If any part of this experience could compare to the art, the culture, the ruins, the sea, it was the food. Sumptuous, to say the least. As I stayed in Athens, some days I would treat myself to a visit to the local bakery just for a loaf of fresh bread and pastries. But the magic was really in the tavernas, where there were dips galore. Hummus, fish dips, and most importantly, tzatziki. As we say in the states for red hot sauce, I now put that creamy, delicious yogurt and cucumber sh*t on EVERYTHING. Especially Gyros, which, did you know, come with french fries wrapped inside in Greece? Tell your local diner that their Chicken souvlaki needs to be tried and true and include french fries inside the wrap too! My favorite meals were simple, however.

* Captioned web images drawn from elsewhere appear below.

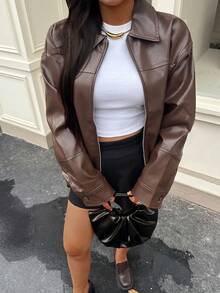 DEEKA Women's Fashion Minimalist Turndown Collar Long Sleeve Faux Leather Bomber Jacket, Autumn/Winter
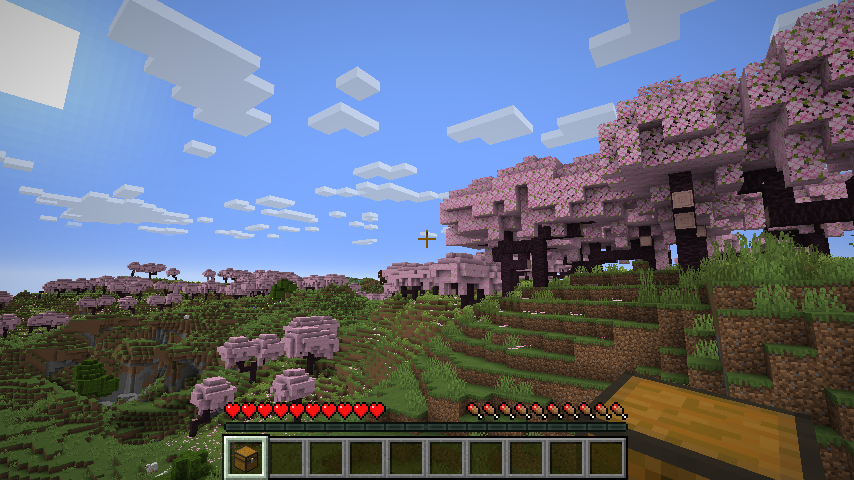 A screenshot of a vast cherry grove in a Minecraft world, with the effects of Ennui's Bigger Inventories being noticeable.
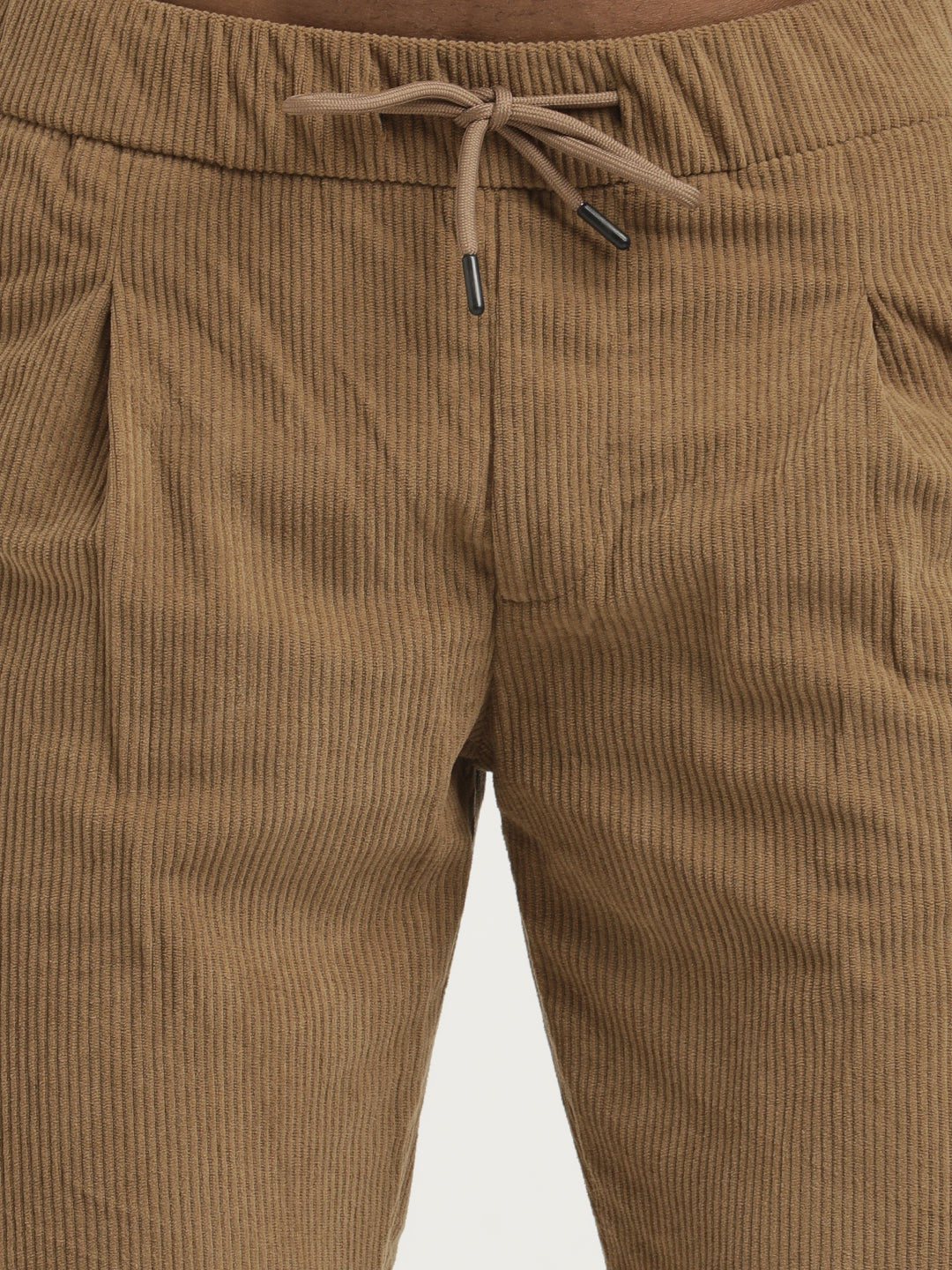 Comfort Fit Corduroy Trousers with Multhi Pockets Khaki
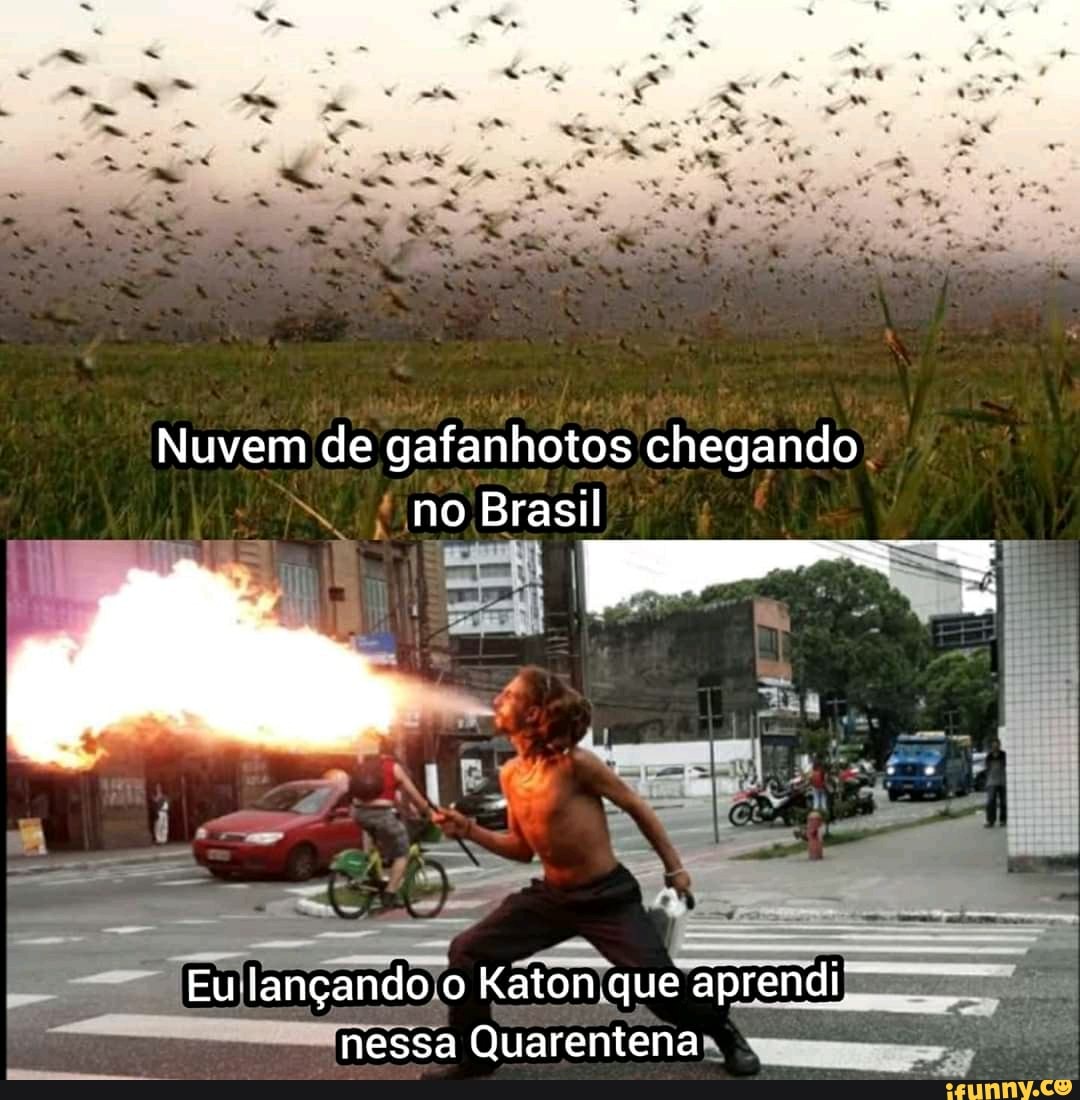 Nuvem de gafanhotos chegando.
Teullancandofo Katonique aprendi Ds
me
O
A essa Quarentenan a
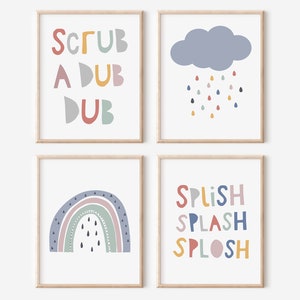 Bathroom Art Set, Kids Bathroom Sets, Bathroom Quotes, Modern Kids Bathroom Prints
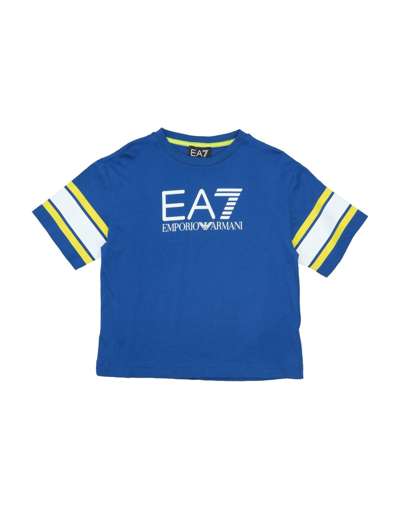 Shop Ea7 T-shirts In Bright Blue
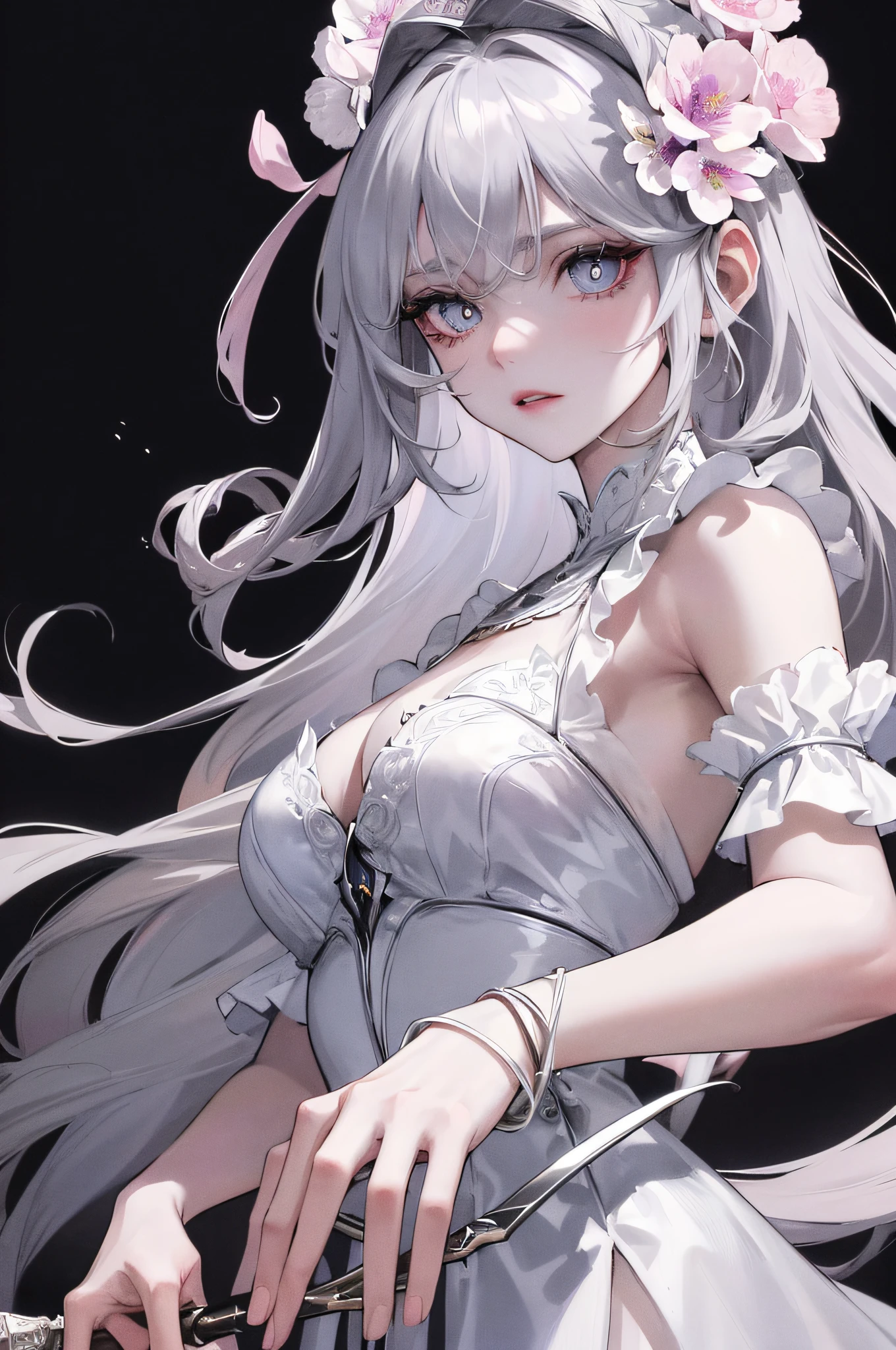 Masterpiece Superb Full Moon Night 1 Girl Mature Woman Sister Royal Sister Cold Face Expressionless Silver-White Long Haired Woman Light Pink Lips Calm and Intellectual Three Banded Gray Pupil Assassin Short Knife, Flower, Hand Details, Facial Details, Delicate Makeup, Gorgeous Dress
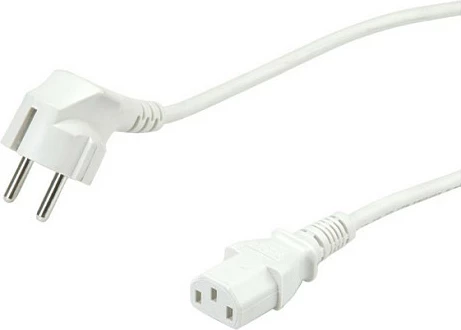 Kabllo rryme VALUE 19.99.1016, Schuko (CEE7/7) në IEC 320-C13, 0.6 m, 10A, e bardhë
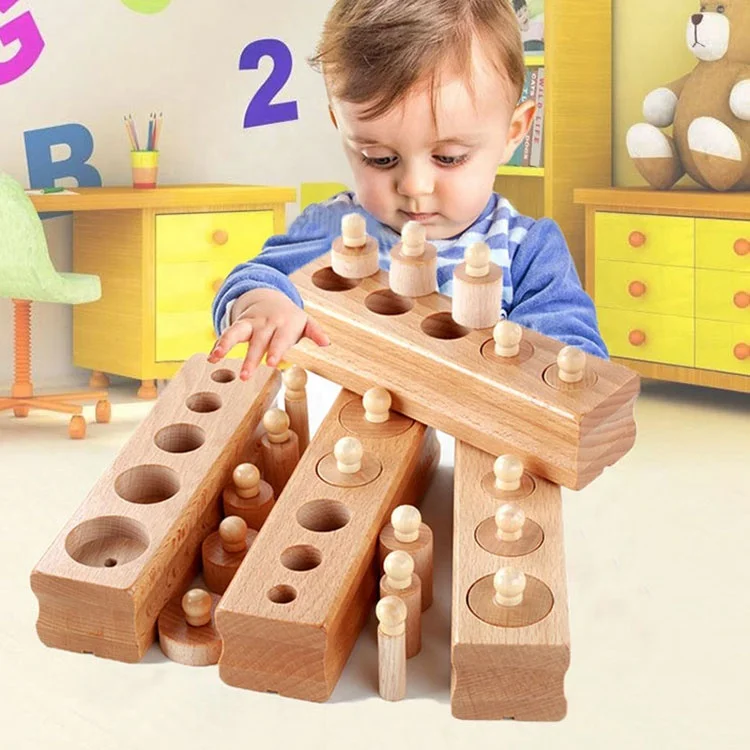 Colorful Socket Cylinder Blocks Wood Montessori  Toddler Wooden Toys For Children Development wooden cylinder blocks toy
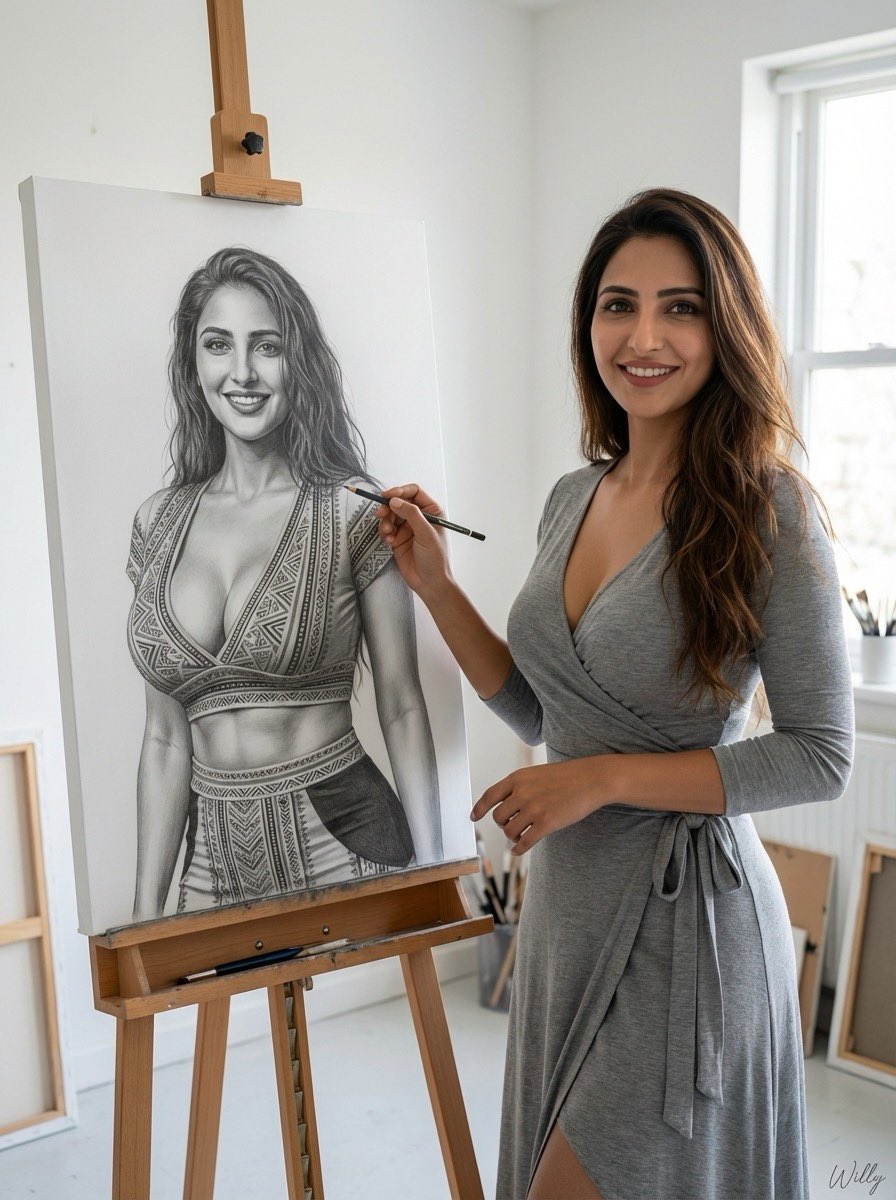 Realistic Photograph Shows a Beautiful Woman with Long Brown Hair — Nano Banana Pro image prompt example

In my final weeks, just as I savored the sea of the garden villa we were staying at, I also savored the food—particularly breakfast. I treasured the fresh greek yoghurt, which I covered in fresh honey and jams. I also savored the sea food, which we would have with our class before theater performances in the evening. One night I even made a simple fish dish for myself, which was one of my all time favorite meals. I took some frozen mussels, and sautéed them in a red sauce with shallots and onions. Delicious. Even frozen is better in Greece!

Love

By the end of the summer, I felt even more at home in Greece than in the states. The warmth, the sun, not just from the Athens heat but in the hearts of the people and friends I made would stay with me forever. Perhaps the highlight was not a summer romance, but the friendships I made with my classmates and the locals, learning about the culture, learning about myself. Feeling so deeply connected with something bigger, and higher. Like the magic of the sea, this profound wonder I felt connected to an ancient feeling of love of humanity, and for the humanities, for the beauty of human beings that was so sacred and revered not just in temples but in art, in theater, in the entire Greek culture. It was not la dolce vita, like the Italians would say, but a love for one another and a love for life that permeated this land, and stayed with me as I returned home after my several weeks abroad, tanned and longing to stay in the sea forever. The time will always stay with me, just like the magic of the sea.